Tip | Deletion and insertion are O(log(n)) operations in binary search trees. |
Binary search trees have other important properties. For example, it is possible to obtain the smallest element by following all the left children, and to obtain the largest element by following all the right children. The nodes can also be printed out, in order, in O(n) time. It is even possible, given a node, to find the next-highest node in O(log(n)) time.

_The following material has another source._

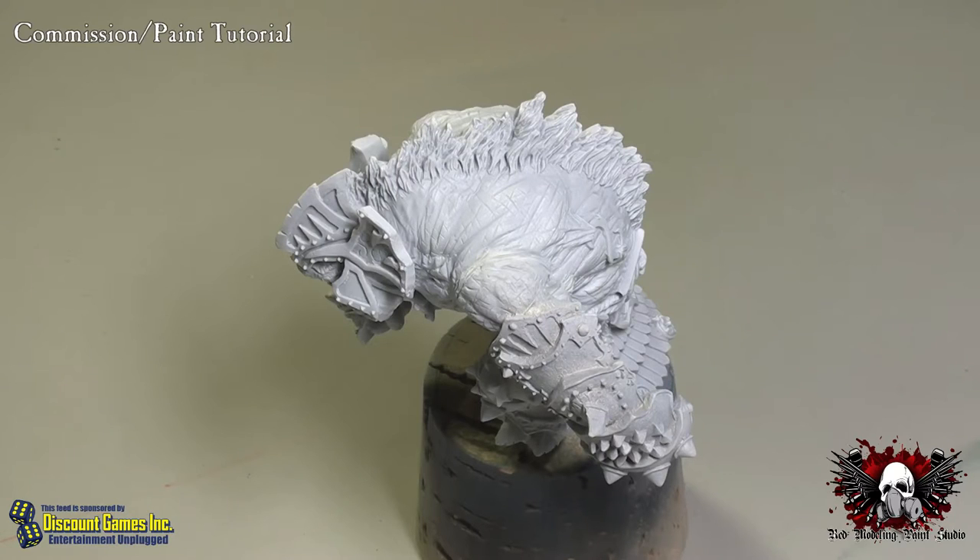Good evening everyone, this is Ashton with Red Modeling Paint Studios here with another paint cast tonight. Thanks for joining us. I do have a couple of changes to audio tonight, so if you guys in chat could tell me how things sound, I'd appreciate it. I noticed on the last couple paint casts the audio has been a bit scratchy, like the mic was maxing out, so I've adjusted the settings and I'm hoping things sound a bit better.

Tree problems are often designed to test your ability to think recursively. Each node in a tree is the root of a subtree beginning at that node. This subtree property is conducive to recursion because recursion generally involves solving a problem in terms of similar subproblems and a base case. In tree recursion you start with a root, perform an action, and then move to the left or right subtree (or both, one after the other). This process continues until you reach a null reference, which is the end of a tree (and a good base case). For example, the preceding lookup operation can be reimplemented recursively as follows:
Node findNode( Node root, int value ){ if( root == null ) return null; int currval = root.getValue(); if( currval == value ) return root; if( currval < value ){ return findNode( root.getRight(), value ); } else { // currval > value return findNode( root.getLeft(), value ); } }
Most problems with trees have this recursive form. A good way to start thinking about any problem involving a tree is to start thinking recursively.

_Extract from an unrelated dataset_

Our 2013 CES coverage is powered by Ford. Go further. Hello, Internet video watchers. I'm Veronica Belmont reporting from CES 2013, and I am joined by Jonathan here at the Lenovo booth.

Tip | Many tree operations can be implemented recursively. |
Another common tree is a heap. Heaps are trees (usually binary trees) with a twist: Each child of a node has a value less than or equal to the node’s own value. (The data implementation of a heap, however, can be different from what we discussed previously.) Consequently, the root node always has the largest value in the tree, which means that it’s possible to find the maximum value in constant time: Simply return the root value. Insertion and deletion are still O(log(n)), but lookup becomes O(n). It is not possible to find the next-higher node to a given node in O(log(n)) time or to print out the nodes in sorted order in O(n) time as in a BST.
You could model the patients waiting in a hospital emergency room with a heap. As each patient enters, he or she is assigned a priority and put into the heap. A heart attack patient would get a higher priority than a patient with a stubbed toe. When a doctor becomes available, the doctor would want to examine the patient with the highest priority. The doctor can determine the patient with the highest priority by extracting the max value from the heap, which is a constant time operation.
Tip | If extracting the max value needs to be fast, then use a heap. |
It’s nice when you have a tree with ordering properties such as a BST or a heap. Often you’re given a tree that isn’t a BST or a heap. For example, you may have a tree that is a representation of a family tree or a company job hierarchy. You have to use different techniques to retrieve data from this kind of tree. One common class of problems involves searching for a particular node. Two very common search algorithms are used to accomplish this task.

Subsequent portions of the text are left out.